Homeownership is not for everyone? Those are radical words in America. Nearly 70 percent of Americans own their homes. (That number has slipped in the last few years, as foreclosures rise. In 2005 homeownership had reached a historic high of 69.2 percent. By the end of 2008, it was down to 67.5 percent, according to census data.) Working for a place of your own seems to be part of our cultural DNA. Federal policy over the last two decades, in the hands of both Democratic and Republican leaders, has promoted homeownership as a fundamental good, using things like tax breaks and federal grants for first time buyers, and laws that forced mortgage lenders to relax the conditions on home loans for low-income people.

Renting can have its advantages, though. In a recent interview on American RadioWorks' sister program Marketplace, Edmund Phelps, a Nobel Prize-winning professor of economics at Columbia University, and life-long renter, counted the ways. "If you rent, that's it. You don't have to pay any interest to anybody," he argued. "You don't have to pay any maintenance costs to anybody. You don't have to worry about whether the boiler is going to break down. While if you own your own home, you have a hundred aggravations. Maybe the roof will leak while you're overseas. In strict money terms, there is no reason to think there is a systematic, long-run, sustainable, durable difference between the two."
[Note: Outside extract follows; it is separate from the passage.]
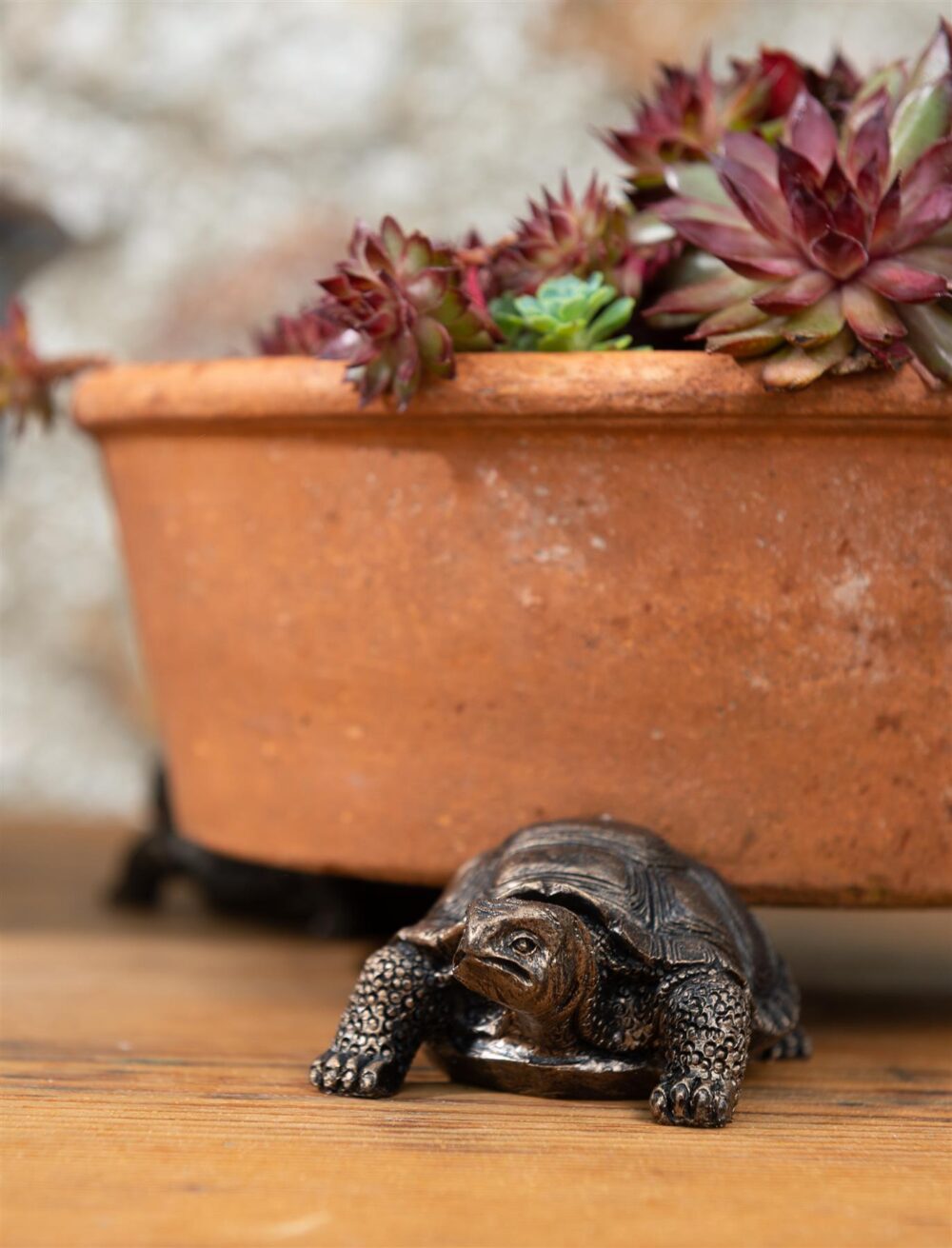 Tortoise Plant Pot Feet - Set of 3 - Image 8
But if the American dream, or at least a big part of it, doesn't involve buying a house, what's left? Plenty, I am reminded by a guy I met recently named Kianoush Akrami. He immigrated to the United States from Iran with his parents a year and a half ago. They are Bahai, a religious minority in Iran, and the theocracy there forbids the Bahai from going to university or taking government jobs.

Akrami says his family came to the United States for freedom - religious freedom, economic freedom - and opportunity. As soon as they moved to Las Vegas, they got jobs quickly. His mother and father were both tailors in Iran, and now they make uniforms for workers at Mandalay Bay casino and resort. Akrami just graduated from high school, and he is about to take a job at the same casino as a lifeguard at the hotel pool. He is hoping to save enough money to go to college.
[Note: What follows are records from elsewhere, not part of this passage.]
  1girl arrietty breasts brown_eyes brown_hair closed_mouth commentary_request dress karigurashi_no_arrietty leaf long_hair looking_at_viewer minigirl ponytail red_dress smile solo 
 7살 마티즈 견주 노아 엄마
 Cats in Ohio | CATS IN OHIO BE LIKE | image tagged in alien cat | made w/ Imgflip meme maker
So what does the American dream mean to Akrami? It's much more than buying a house and making money. For Akrami, it's about the ability to determine his own destiny. "That I can improve, and that there is nothing that I want to do that I can't," he says. "If I have a goal, and I am trying to reach my goal, and sacrificing for it, I will achieve it."

I should mention where I met Akrami though. He and his parents were at that homebuyer's class I attended. He tells me they once owned a home in Iran, but it was seized by the government. Since they moved to America, they've been renting an apartment, and they want to own their own home again someday. That's a part of their American dream too.